Embarrassed, Dollar Dan admitted, “They were not there. She ordered them to go away, they were fired, she did not want their ugly asses underfoot anymore, she did not want to see any of them ever again-no more than an hour before the bad guys turned up. They are back on the job, strongly reminded that she is not their employer, and are looking for her.”
How would a kidnapping fit in with the concept of a tournament? I glared at Mikon.

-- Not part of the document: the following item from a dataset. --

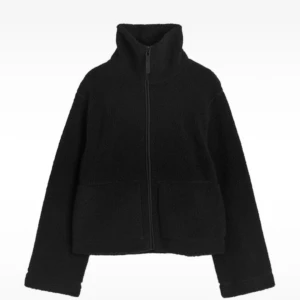 Jacka i pille från hm  - Som ny har knappt använt den. STORLEK XL⚠️⚠️ men jag har vanligtvis S/M och den passar mig perfekt!❤️‍🔥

Mikon appeared one hundred percent chagrined. “I don’t know anything about that. Meyness was supposed to be setting up for the Ritual.”
“You know who we’re talking about?”
“I do. Their names head Meyness’s list of most-wanted gamers.”
“And if he had done his research, he’d know that neither kid has any supernatural powers.”
“But. .” He didn’t believe me. Or didn’t want to believe me. “The girl is the daughter of Furious Tide of Light! The boy conjures all those incredible inventions. He has to be tapped into another world.”
“The girl has no talent except being inventive. More so than the boy does because she does know about sorcery even though she has no aptitude for it. The boy has to be smacked in the chops with the supernatural just to recognize it. But if it’s something mechanical. . He thinks stuff up. He and the girl refine it.”
Kip’s best friend who was a girl but not his girlfriend, to her dismay, was his female mirror image, often more clever creatively.
I said, “I presume we know where to find our people.”
Dan said, “Mud Man and Wiley Baw are on that.”
“Good. I was on my way to see Magister Bezma, anyhow. Now he has me motivated. And, since his name came up, what’s Mud Man’s story for this afternoon?”
We resumed moving with no course adjustment. John Stretch would be waiting up ahead with word about any changes in what we needed to do.